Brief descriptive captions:
+-------+
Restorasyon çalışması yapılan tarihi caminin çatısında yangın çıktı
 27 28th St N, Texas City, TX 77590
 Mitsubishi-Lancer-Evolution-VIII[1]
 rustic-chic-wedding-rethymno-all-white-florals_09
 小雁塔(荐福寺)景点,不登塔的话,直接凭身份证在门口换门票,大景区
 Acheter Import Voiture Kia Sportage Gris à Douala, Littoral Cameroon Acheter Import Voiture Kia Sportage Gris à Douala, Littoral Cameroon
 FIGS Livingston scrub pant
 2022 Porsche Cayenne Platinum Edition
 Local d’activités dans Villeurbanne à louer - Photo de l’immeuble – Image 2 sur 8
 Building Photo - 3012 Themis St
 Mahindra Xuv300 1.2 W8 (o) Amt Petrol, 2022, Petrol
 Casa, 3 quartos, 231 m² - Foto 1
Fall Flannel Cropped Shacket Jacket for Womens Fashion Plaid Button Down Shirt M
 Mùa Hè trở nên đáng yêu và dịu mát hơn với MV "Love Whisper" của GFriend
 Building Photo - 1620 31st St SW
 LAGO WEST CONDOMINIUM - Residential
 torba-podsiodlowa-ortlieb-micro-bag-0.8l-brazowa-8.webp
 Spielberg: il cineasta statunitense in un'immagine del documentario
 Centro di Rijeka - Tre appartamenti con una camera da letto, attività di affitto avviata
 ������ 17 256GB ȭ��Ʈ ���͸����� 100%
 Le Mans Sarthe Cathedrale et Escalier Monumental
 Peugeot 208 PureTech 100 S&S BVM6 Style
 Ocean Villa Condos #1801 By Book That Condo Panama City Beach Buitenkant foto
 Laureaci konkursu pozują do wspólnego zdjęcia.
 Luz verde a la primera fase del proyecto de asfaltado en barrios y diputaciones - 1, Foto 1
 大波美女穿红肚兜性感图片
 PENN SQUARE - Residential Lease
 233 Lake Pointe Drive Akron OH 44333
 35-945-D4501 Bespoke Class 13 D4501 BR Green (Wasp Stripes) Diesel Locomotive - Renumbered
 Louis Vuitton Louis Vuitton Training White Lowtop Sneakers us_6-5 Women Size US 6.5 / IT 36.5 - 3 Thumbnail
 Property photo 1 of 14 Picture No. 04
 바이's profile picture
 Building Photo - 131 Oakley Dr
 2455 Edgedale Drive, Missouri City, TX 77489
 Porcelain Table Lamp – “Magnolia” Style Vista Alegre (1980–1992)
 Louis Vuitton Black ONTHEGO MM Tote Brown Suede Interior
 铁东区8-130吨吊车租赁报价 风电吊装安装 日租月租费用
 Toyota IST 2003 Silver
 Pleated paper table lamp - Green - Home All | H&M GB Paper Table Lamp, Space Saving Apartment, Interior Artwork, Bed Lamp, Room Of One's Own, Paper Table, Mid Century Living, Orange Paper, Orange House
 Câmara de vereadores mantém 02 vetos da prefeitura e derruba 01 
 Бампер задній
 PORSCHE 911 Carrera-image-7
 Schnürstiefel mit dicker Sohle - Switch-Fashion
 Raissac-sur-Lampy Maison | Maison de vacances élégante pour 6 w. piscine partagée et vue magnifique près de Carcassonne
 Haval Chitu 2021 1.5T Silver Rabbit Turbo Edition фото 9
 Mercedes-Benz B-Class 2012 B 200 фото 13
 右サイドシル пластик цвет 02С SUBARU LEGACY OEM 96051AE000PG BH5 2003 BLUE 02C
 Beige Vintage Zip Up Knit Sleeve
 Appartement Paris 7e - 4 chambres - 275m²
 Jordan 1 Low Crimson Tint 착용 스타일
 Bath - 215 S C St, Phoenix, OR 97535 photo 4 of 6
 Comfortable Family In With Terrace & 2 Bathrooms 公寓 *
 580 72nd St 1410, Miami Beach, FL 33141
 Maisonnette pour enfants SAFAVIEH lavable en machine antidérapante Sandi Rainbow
+-------+
▶ [Prompt]:
Among the records above, find the lines that contain "Edition" and copy every one.

▶ [Answer to this exercise]:
 2022 Porsche Cayenne Platinum Edition
 Haval Chitu 2021 1.5T Silver Rabbit Turbo Edition фото 9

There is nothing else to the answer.